Quand la clause résolutoire ne peut pas jouer : enseignements d’un arrêt du 8 juin 2023
La clause résolutoire en bail commercial s’applique de manière stricte. Elle met fin automatiquement au contrat si le locataire manque à une obligation expressément visée par la clause. Un arrêt du 8 juin 2023 rappelle ce principe à propos d’un litige mêlant commandement de payer et occupation au-delà des limites contractuelles.
Rappel du cadre légal
L’article L. 145-41 du Code de commerce prévoit qu’une clause résolutoire ne produit effet qu’un mois après un commandement resté infructueux. Surtout, elle ne peut sanctionner que le manquement pour lequel elle est prévue. Le texte impose donc une lecture précise du bail et de la mise en demeure.
Dans l’affaire commentée, la bailleresse a délivré le 5 septembre 2016 un commandement visant la clause résolutoire pour des loyers et charges impayés. Dans le même acte, elle a sommé la locataire de libérer des surfaces engazonnées situées à l’est du bâtiment, occupées au-delà de la limite convenue. La locataire a contesté le commandement et la sommation. Le bailleur a, à titre reconventionnel, demandé le bénéfice de la clause résolutoire.
Par arrêt du 15 novembre 2021, la cour d’appel a prononcé la résiliation du bail, l’expulsion et une indemnité d’occupation. Elle a relevé que, même si les sommes dues avaient été réglées, la locataire ne s’était pas conformée aux limites d’occupation prévues au bail.
La décision de cassation
La Cour de cassation casse cette décision le 8 juin 2023. Elle affirme que « la résiliation de plein droit du bail prévue par l’article L. 145-41 ne peut sanctionner qu’un manquement pour lequel la mise en œuvre de la clause résolutoire est prévue ». En l’espèce, la clause prévoyait la résiliation automatique pour le défaut de paiement d’un terme ou l’inexécution d’une charge ou condition expressément visée. L’occupation illicite, non énoncée comme cause autonome de résiliation automatique, ne pouvait pas déclencher la clause.

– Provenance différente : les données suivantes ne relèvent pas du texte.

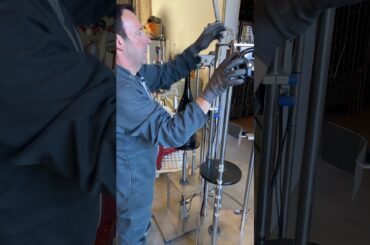 USUWANIE OSADU Z 6L SZAMPANA -  #wino #wine #buywinepl #buywine #sklepzwinem #champagne #francja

Ce rappel s’inscrit dans une ligne constante : Cass. 3e civ., 8 déc. 2010, n° 09-16.939, et plusieurs arrêts d’appel (Toulouse, 18 déc. 2013, n° 12/02997 ; Paris, 4 déc. 2014, n° 13/06397 ; Aix-en-Provence, 11 mars 2021, n° 19/02918). L’interprétation de la clause résolutoire est restrictive.
Enseignements pratiques
Pour les bailleurs : soigner la rédaction. Il est utile d’identifier les obligations essentielles du preneur et de les viser explicitement comme causes de résiliation automatique (paiement, interdiction de sous-location, respect de la destination, limites d’occupation, etc.). À défaut, il reste possible d’agir en justice sur le terrain de la résiliation judiciaire pour manquement grave, mais sans l’effet automatique de la clause.
Pour les locataires : la clause résolutoire ne peut être actionnée qu’en cas de manquement prévu par la clause et après un commandement régulier. La régularisation des sommes dues dans le délai légal neutralise l’effet automatique lorsqu’il s’agit d’impayés. En revanche, un manquement non visé par la clause peut toujours fonder une action judiciaire, avec examen contradictoire de sa gravité.
En conclusion, l’arrêt du 8 juin 2023 confirme une exigence de précision et de proportion dans l’usage de la clause résolutoire. L’outil demeure puissant, mais son déclenchement suppose une rédaction claire et une cohérence stricte entre le commandement, le texte du bail et le manquement invoqué.